*Assigned task*
Taking the data below, please print only the lines from the line holding "Virtual tour photo" to the line holding "Marble-black", inclusive, with pictures omitted.

[[ Provided entries open ]]

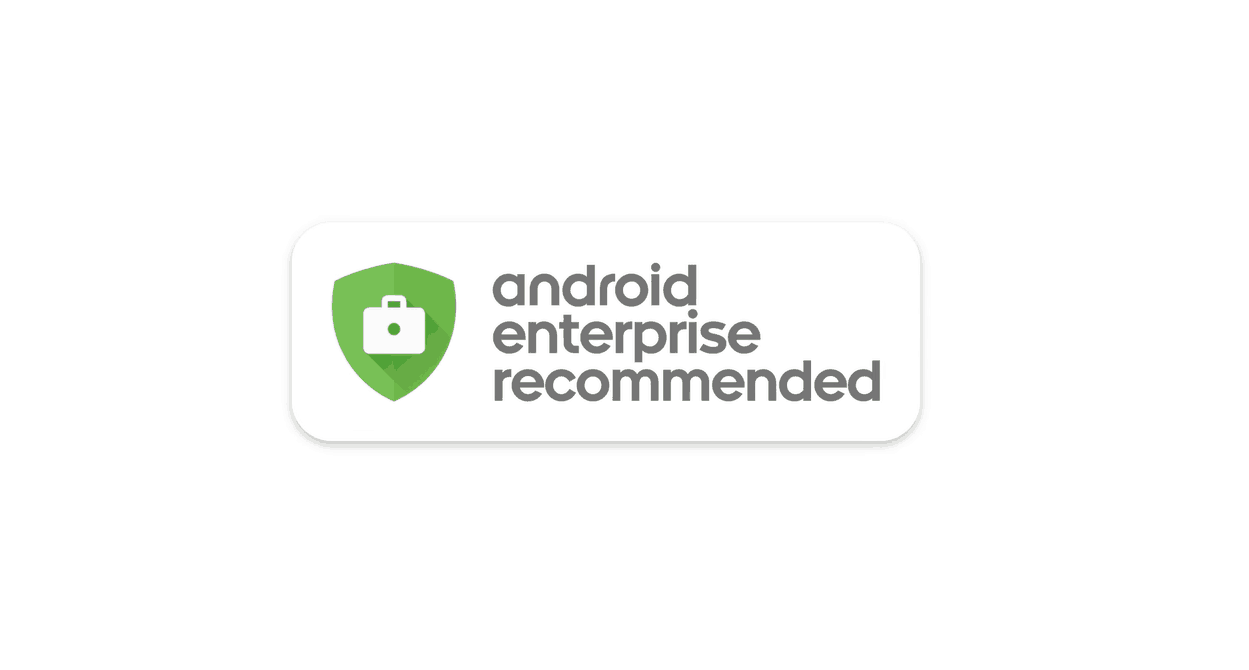 Google expands "Android Enterprise Recommended" program with Microsoft Intune as a partner - OnMSFT.com - January 15, 2019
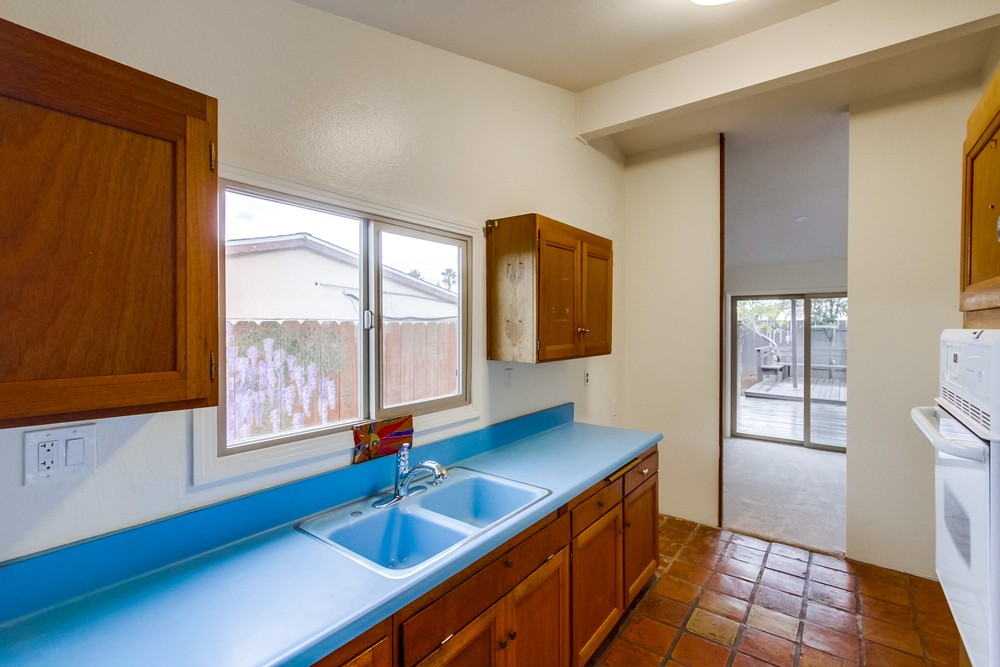 Virtual tour photo 15 of 35 for 4654 Glacier Ave
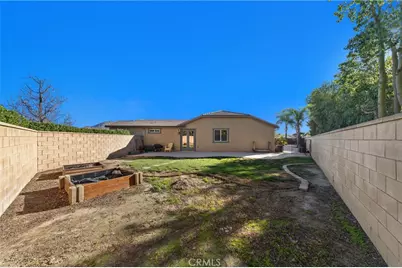 29351 Castaway Court, Menifee, CA 92585 - Photo 33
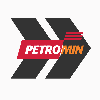 PETROMINit!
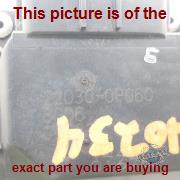 Part photo 2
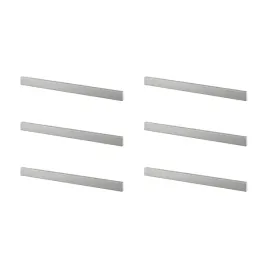 6-szt-listwa-magnetyczna-kungsfors-stal-nierdzewna-58-cm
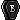 The Bet - B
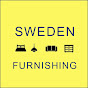 SWEDEN FURNISHING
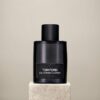 Tom Ford Ombre Leather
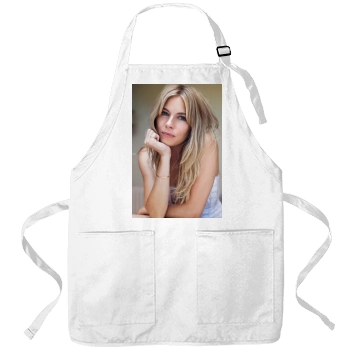 Sienna Miller Apron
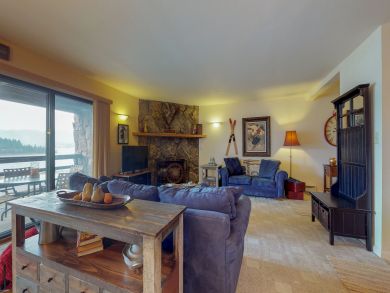 Breckenridge Condo 938025 Breckenridge Condo 938025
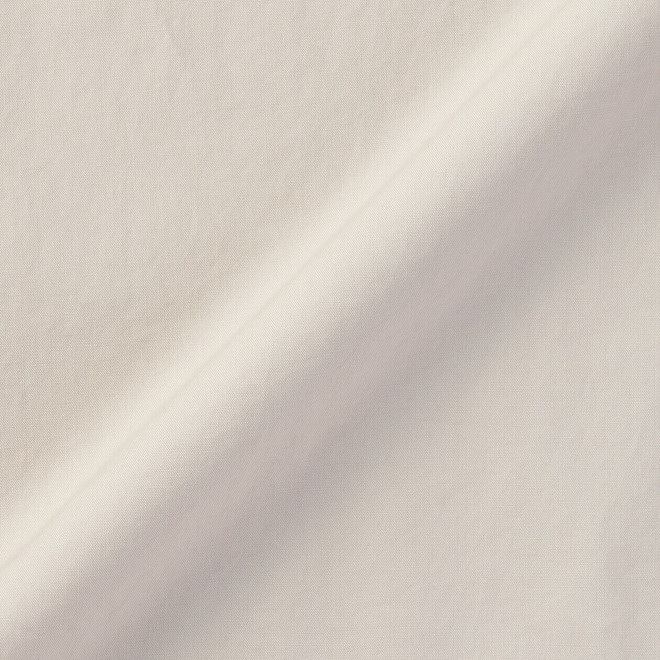 Short en coton épais délavé pour homme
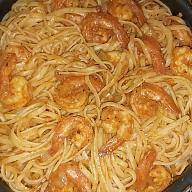 Elena Sakellaropoulou avatar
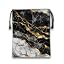 Marble-black
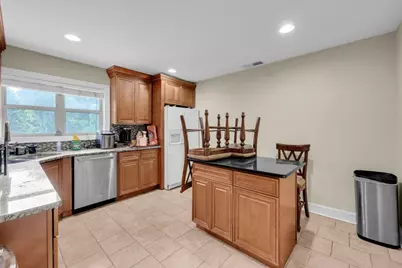 [Address not provided], Grayson, GA 30017 - Photo 12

[[ Provided entries closed ]]

*Answer to the exercise*
 Virtual tour photo 15 of 35 for 4654 Glacier Ave
 29351 Castaway Court, Menifee, CA 92585 - Photo 33
 PETROMINit!
 Part photo 2
 6-szt-listwa-magnetyczna-kungsfors-stal-nierdzewna-58-cm
 The Bet - B
 SWEDEN FURNISHING
 Tom Ford Ombre Leather
 Sienna Miller Apron
 Breckenridge Condo 938025 Breckenridge Condo 938025
 Short en coton épais délavé pour homme
 Elena Sakellaropoulou avatar
 Marble-black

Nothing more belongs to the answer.